About BIAHI
Kathleen LaPenta, Ph.D. (Languages and Cultures, Fordham University), is a Senior Lecturer in Italian at Fordham University and is the director and co-principal investigator of the Bronx Italian American History Initiative. Her research focuses on modern Italian culture, with specializations in transnational and comparative approaches to literature, cinema, and oral histories. She has published in The Italianist, the Italian American Review and Moderna: Semestrale di teoria e critica della letteratura. She is currently at work on a book-length manuscript about intersectional Italian identities.
Jacqueline Reich, Ph.D. (Dean, School of Communication and the Arts, Marist College), pictured at left, is Dean of the School of Communication and the Arts at Marist College and is and co-principal investigator of the Bronx Italian American History Initiative. She is the author of The Maciste Films of Italian Silent Cinema (Indiana UP, 2015) and Beyond the Latin Lover: Marcello Mastroianni, Masculinity, and Italian Cinema (Bloomington: Indiana UP, 2004). She is also co-author, with Catherine O’Rawe, of Divi. La mascolinità nel cinema italiano (Donzelli, 2015) and co-editor with Piero Garofalo of Re-viewing Fascism: Italian Cinema, 1922-1943 (Bloomington: Indiana UP, 2002). She has written and published widely on Italian American cinema and culture.
Mark Naison, Ph.D. (History and African American Studies, Fordham University), pictured at center, is a Professor at Fordham University and founder and director of the Bronx African American History Project. A recipient of a B.A., M.A. and Ph.D from Columbia University, he is the author of seven books and over 300 articles on African American politics, labor history, popular culture and education policy. His first book, Communists in Harlem in the Depression, published in 1983, is still in print, and is used in graduate courses around the nation. Dr. Naison is the founder of the Bronx African American History Project, one of the largest community based oral history projects in the nation and has brought his research into more than 30 Bronx schools, as well as Bronx based cultural organizations and NGO’s. In recent years, the BAAHP’s research has led to granting landmark status to several streets with historic significance, as well as the founding of a cultural center honoring the Bronx’s musical heritage. A co-founder of the Bronx Berlin Youth exchange, Naison has published articles about Bronx music and Bronx culture in German, Spanish, Catalan, and Portuguese as well as English, and given talks about these subjects in Germany, Spain and Italy.
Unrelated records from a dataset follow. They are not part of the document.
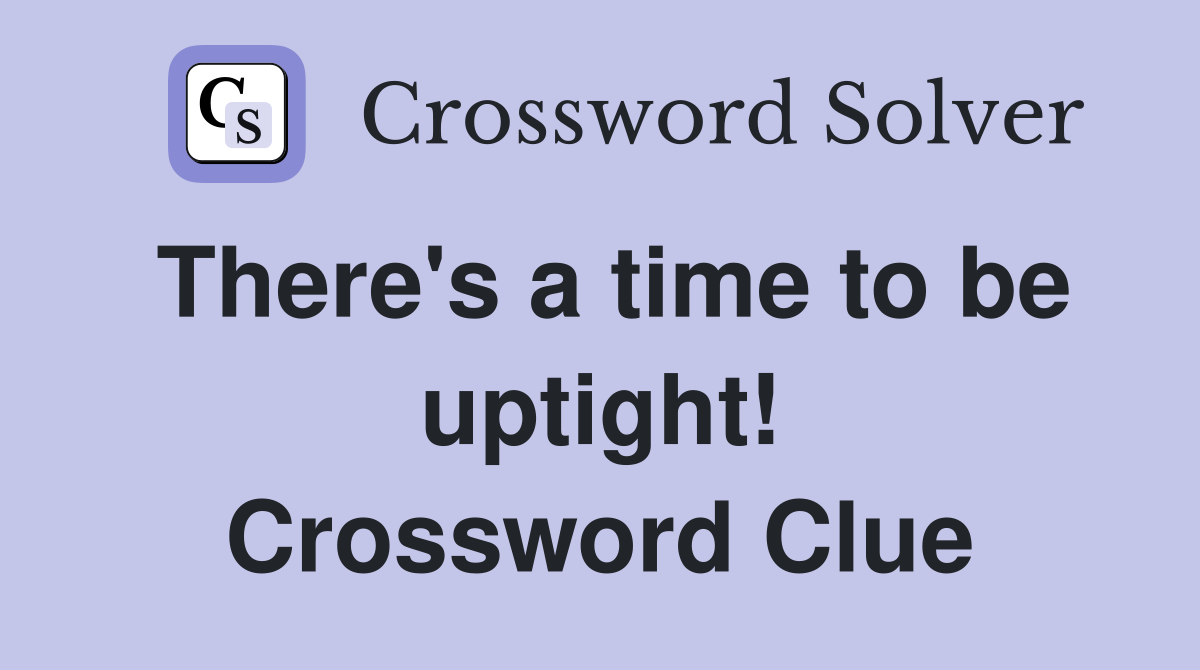 There's a time to be uptight! Crossword Clue
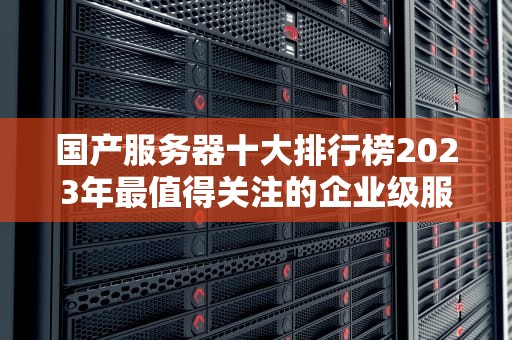 国产服务器十大排行榜2023年最值得关注的企业级服务器品牌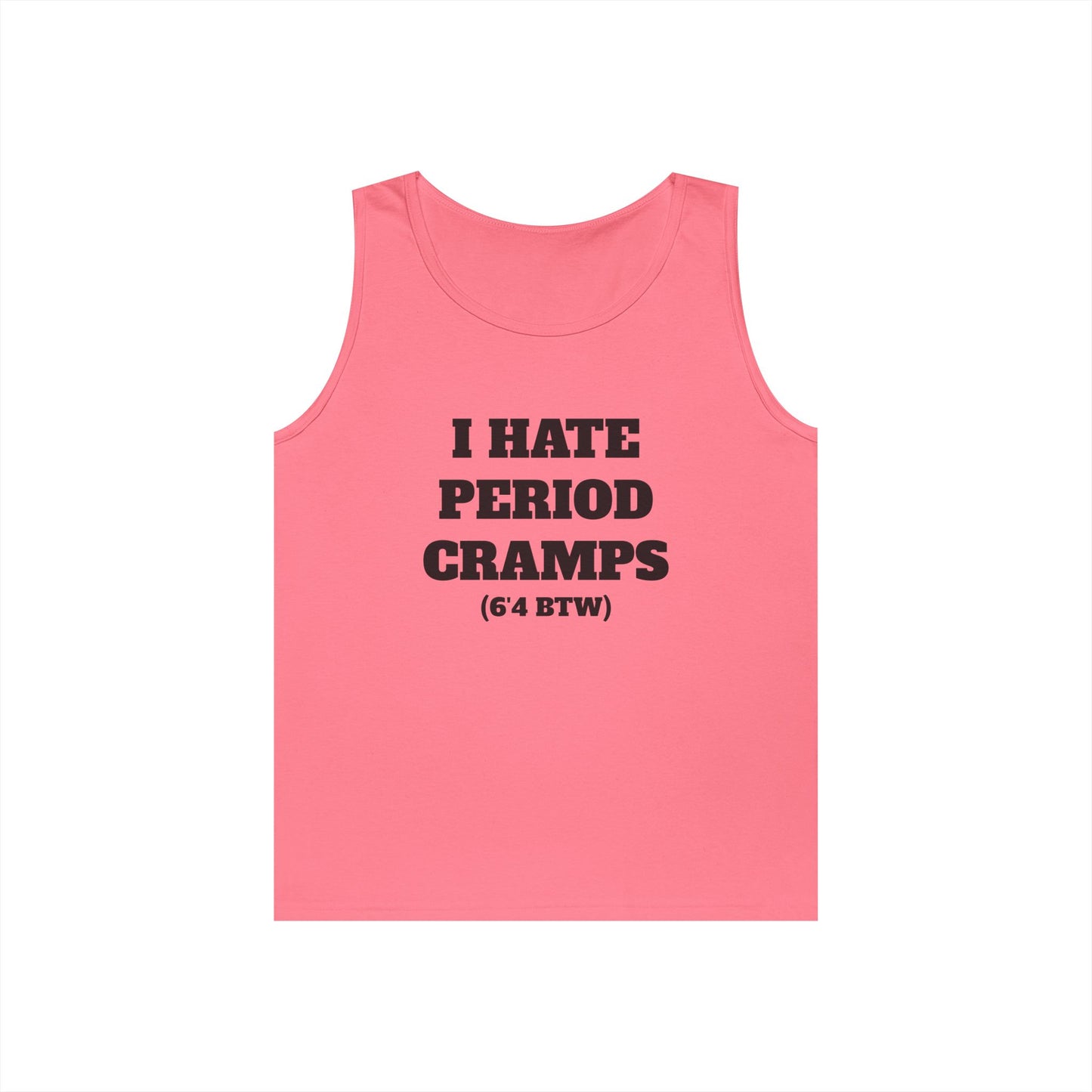 I Hate Period Camps Tank Top (Black Letters)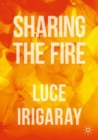 Sharing the Fire : Outline of a Dialectics of Sensitivity - Book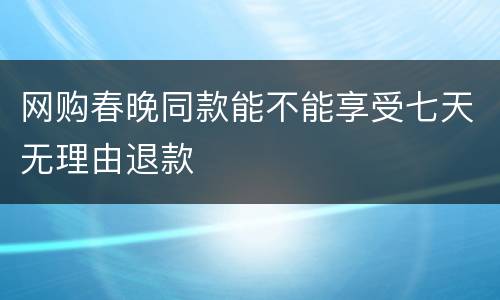 网购春晚同款能不能享受七天无理由退款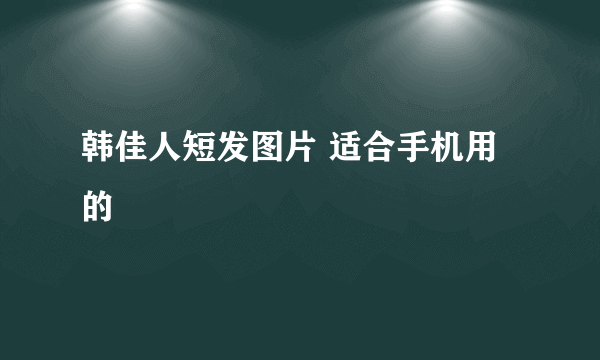 韩佳人短发图片 适合手机用的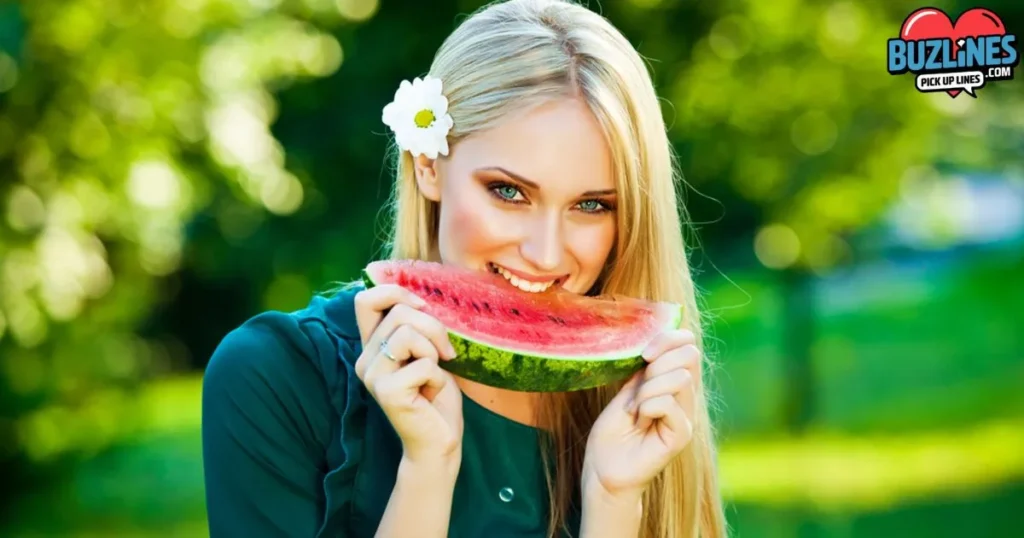 Attractive Watermelon Pick Up Lines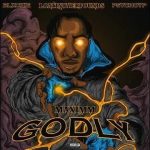 Maximm – Godly Ft. Blxckie, Loatinover Pounds & PsychoYP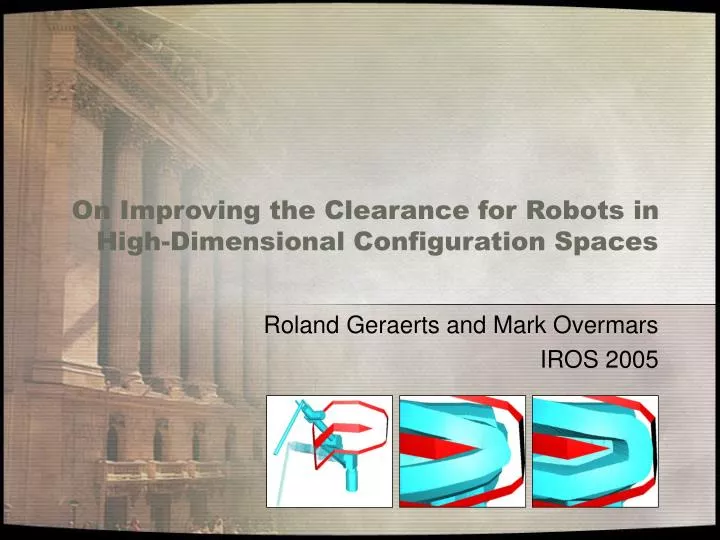 on improving the clearance for robots in high dimensional configuration spaces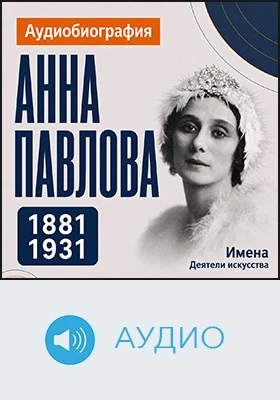 Анна Павлова: аудиобиография: историко-документальное аудиоиздание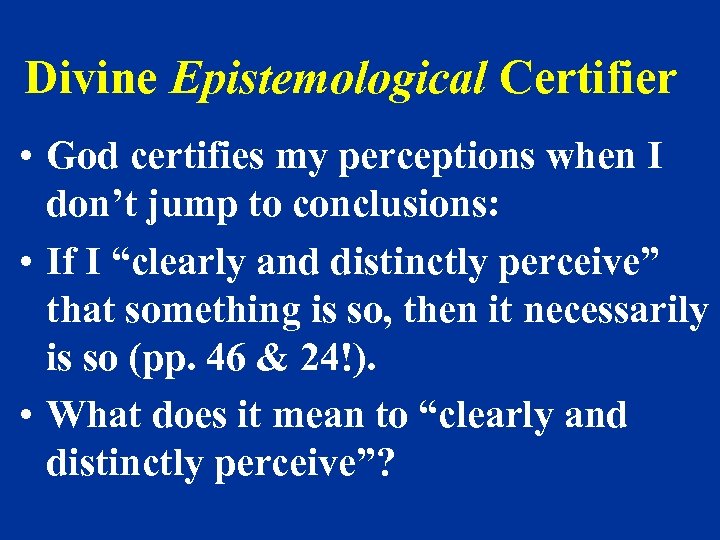 Divine Epistemological Certifier • God certifies my perceptions when I don’t jump to conclusions: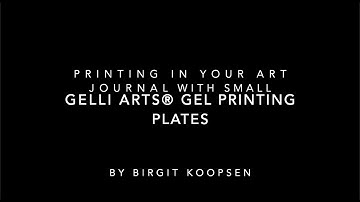 Printing in Your Art Journal with Mini Gelli Arts® Gel Printing Plates by Birgit Koopsen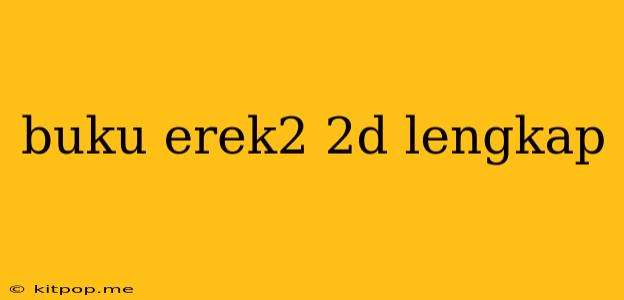 Buku Erek2 2d Lengkap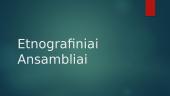 Lietuvos etnografiniai ansambliai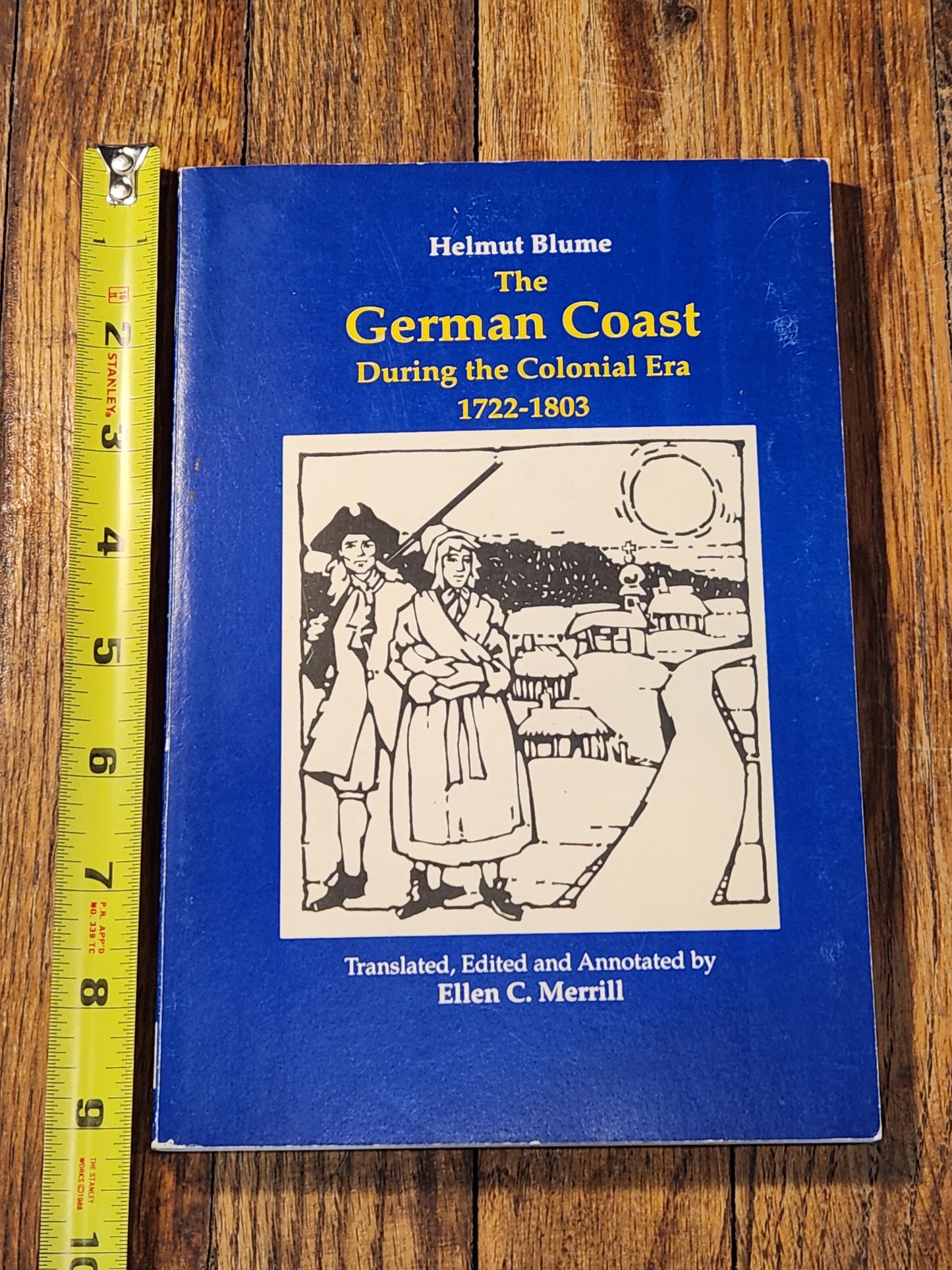 The German Coast During the Colonial Era 1722-1803
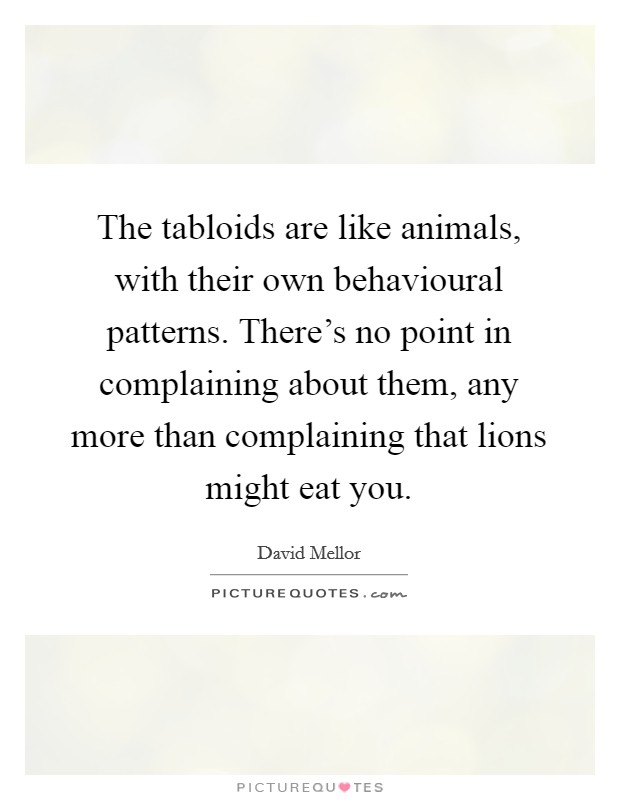 The tabloids are like animals, with their own behavioural patterns. There's no point in complaining about them, any more than complaining that lions might eat you. Picture Quote #1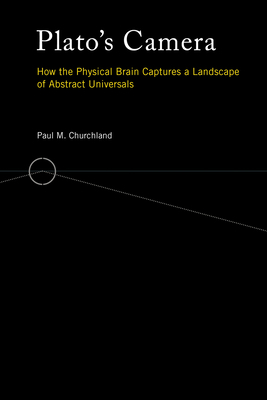 Plato's Camera: How the Physical Brain Captures a Landscape of Abstract Universals by Paul M. Churchland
He recently published a novel, Pure Bronx, co-written with his former student Melissa Castillo-Garsow, and a book of essays on educational policy and Bronx history, Badass Teachers Unite. His seventh book, published by Fordham University Press in September 2016, is Before the Fires, An Oral History of African American Life in the Bronx from the 1930’s to the 1960’s. This book was of the featured readings in a new course offered by Dr. Naison at Fordham in Fall 2016 entitled “The Bronx: Immigration, Race and Culture.” He has also been featured on several news programs, the O'Reilly Factor, and the Chappelle Show, where his performance was satirized by Louis CK on Saturday Night Live.
Christopher Vicari is an Educational Technologist and Lecturer in the Department of Communication and Media Studies at Fordham University. His work specializes in implementing and evaluating technology in educational environments, while his teaching focuses on game development for social good, education, and mental health. He manages the department's media equipment, labs, and workshops focusing on digital media creation. He is also co-author of the article The Human Microbiome World: Using Minecraft to Enhance Microbiology Learning.